Lasers produce a single wavelength of light (a laser line) at one or more discrete frequencies (coherent light). They are available at different wavelengths ranging from ultraviolet to far red and have a variable range of power levels (photon output/time).
Light that is scattered in the forward direction, typically up to 20° offset from the laser beam’s axis, is collected by a photomultiplier tube (PMT) or photodiode known as the forward scatter (FSC) channel. The FSC equates roughly to the particle’s size. Typically, larger cells refract more light than smaller cells.

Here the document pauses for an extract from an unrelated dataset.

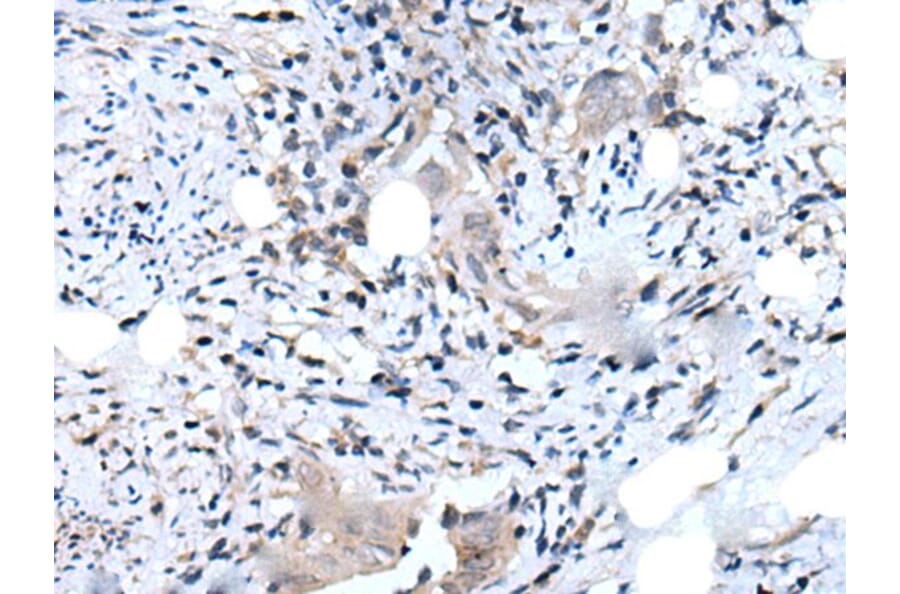 DLK2 Antibody from Signalway Antibody (43718) - Antibodies.com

Light measured at an approximately 90° angle to the excitation line is called side scatter (SSC). The SSC channel provides information about the relative complexity (for example, granularity and internal structures) of a cell or particle. Both FSC and SSC are unique for every particle, and a combination of the two may be used to roughly differentiate cell types in a heterogeneous sample such as blood. However, this depends on the sample type and the quality of sample preparation, so fluorescent labeling is always preferred.

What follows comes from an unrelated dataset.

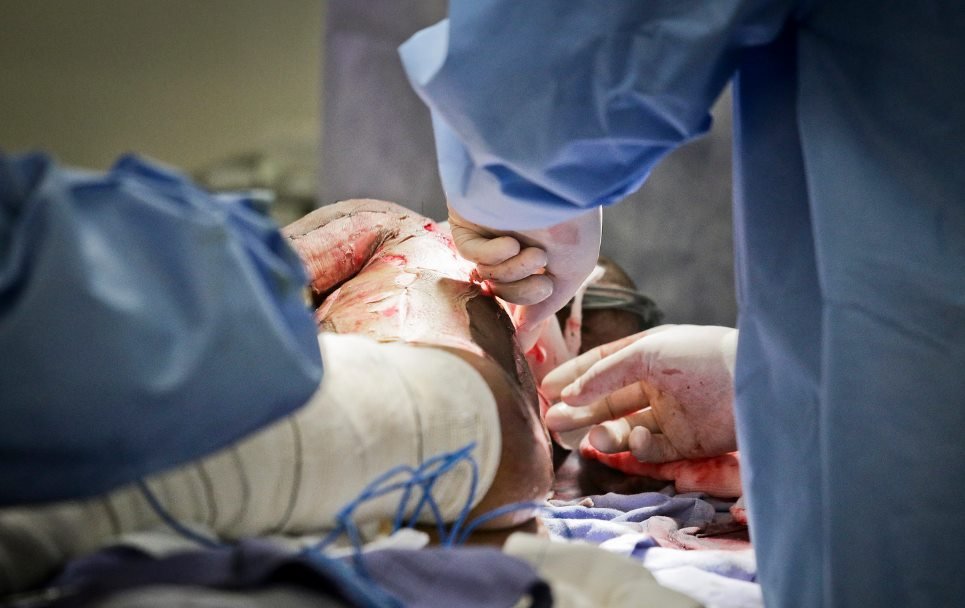 Transplante de pele em criança no Hran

Fluorescence measurements taken at different wavelengths can provide quantitative and qualitative data about fluorophore-labeled cell surface receptors or intracellular molecules such as DNA and cytokines. Flow cytometers use separate channels and detectors to detect light emitted. The number of detectors will vary according to the instrument and its manufacturer. Detectors are either silicon photodiodes or photomultiplier tubes. Historically, silicon photodiodes were used to measure forward scatter for strong signals. More commonly now, PMTs are used even in the FSC channel. PMTs are more sensitive detectors and are ideal for scatter and fluorescence readings.
The specificity of detection is controlled by optical filters, which block certain wavelengths while transmitting (passing) others. There are three major filter types. Long pass filters allow light through above a cutoff wavelength, short pass filters permit light below a cutoff wavelength, and band pass filters transmit light within a specified narrow range of wavelengths (termed a band width). All these filters block light by absorption (Figure 2).

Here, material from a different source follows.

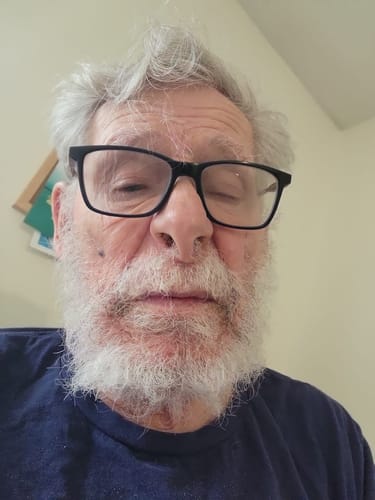 Customer photo review of ClarityMax - The Smallest EVER Wireless Hearing Aid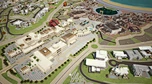 Stones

Figure 2: Different types of optical filters
A dichroic filter/mirror has a filter placed at an angle to the oncoming light. This type of filter performs two functions, first, to pass specified wavelengths in the forward direction and, second, to deflect blocked light at a 90° angle. To detect multiple signals simultaneously, the precise choice and order of optical filters is an important consideration (Figure 3).
Figure. 3. Schematic overview of a typical flow cytometer setup. FL, fluorescence; PMT, photomultiplier tube; SSC, side scatter; FSC, forward scatter; blue arrow, light path.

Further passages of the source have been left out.